The story oscillates between deep psychological pathos and knee-slapping, metaphor-heavy mirth (flaccid members are invariably compared to baby corn, bottle caps, and cocktail wieners). When the conversation degenerates into personal attacks, it's obvious that all the men are deeply flawed and deeply human, and each has his own steel-trapped moral code.

The play's relentless focus on the male sex organ has led it to be inaccurately likened to a testosterone-filled version of The Vagina Monologues, though it's simultaneously about a lot more and a lot less than that feminist manifesto. Curse lacks the power or the desire to shock, confront, and challenge, as Monologues continues to do. But this breezy comedy nonetheless addresses issues far beyond its core subject, such as faith, fidelity, anxiety, compassion, community, the American Dream, and even war in the Middle East. In a blustery rant, Joseph links the Israeli-Palestinian conflict — and all wars, for that matter — to their leaders' cock sizes. A new addendum to the monologue even diagnoses John Boehner, Mitch McConnell, the Tea Party, and other sufferers of what John Avlon calls Obama Derangement Syndrome with envy for the president's presumably potent penis. The rant doesn't have much intellectual heft, but it's a delight to hear.
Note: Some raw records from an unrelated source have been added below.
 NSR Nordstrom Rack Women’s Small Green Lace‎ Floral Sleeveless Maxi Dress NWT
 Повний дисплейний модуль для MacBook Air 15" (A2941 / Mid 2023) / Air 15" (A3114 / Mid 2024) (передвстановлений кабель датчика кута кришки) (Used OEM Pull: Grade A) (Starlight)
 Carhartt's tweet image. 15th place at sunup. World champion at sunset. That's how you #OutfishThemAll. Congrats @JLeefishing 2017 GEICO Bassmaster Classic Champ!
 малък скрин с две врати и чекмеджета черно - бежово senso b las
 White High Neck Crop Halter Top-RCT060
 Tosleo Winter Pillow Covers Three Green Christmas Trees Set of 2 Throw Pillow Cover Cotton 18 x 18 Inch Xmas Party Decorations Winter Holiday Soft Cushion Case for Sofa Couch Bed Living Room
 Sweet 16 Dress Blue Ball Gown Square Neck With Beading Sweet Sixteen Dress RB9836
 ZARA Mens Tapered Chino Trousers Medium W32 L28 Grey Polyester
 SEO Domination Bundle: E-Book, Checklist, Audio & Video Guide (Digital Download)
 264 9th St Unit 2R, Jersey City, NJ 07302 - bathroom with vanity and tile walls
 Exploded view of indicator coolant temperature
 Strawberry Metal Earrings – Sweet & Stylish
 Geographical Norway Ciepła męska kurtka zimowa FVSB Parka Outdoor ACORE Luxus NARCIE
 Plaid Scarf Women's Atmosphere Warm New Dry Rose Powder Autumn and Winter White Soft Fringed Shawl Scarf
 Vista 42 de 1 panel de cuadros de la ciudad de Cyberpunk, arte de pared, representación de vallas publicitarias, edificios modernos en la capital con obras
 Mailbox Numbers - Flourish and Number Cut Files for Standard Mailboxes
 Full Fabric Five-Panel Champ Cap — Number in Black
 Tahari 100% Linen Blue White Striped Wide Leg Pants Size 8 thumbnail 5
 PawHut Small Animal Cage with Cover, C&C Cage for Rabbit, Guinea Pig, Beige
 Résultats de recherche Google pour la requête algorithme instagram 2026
Under guest director Avi Hoffman's sure hand, artistic director Richard Jay Simon couldn't have corralled a better ensemble. Ken Clement has a blast as Joseph. Barry Tarallo brings a poignant grace to Father Kevin, whose personal story is the play's most tragic. And Durkin is his usual stunning self — his character's breakdown is flawlessly performed, and his Irish accent is on point throughout.

This, of all shows, requires a cast this committed. It takes actors so comfortable with their nether regions that they are willing to inhabit these desperate, short-changed men with complete conviction. There's a certain bravery in accepting these parts, and Mosaic's quintet more than passes the test. Though I'm sure each and every one of them will be the first to report that, you know... it's only a play.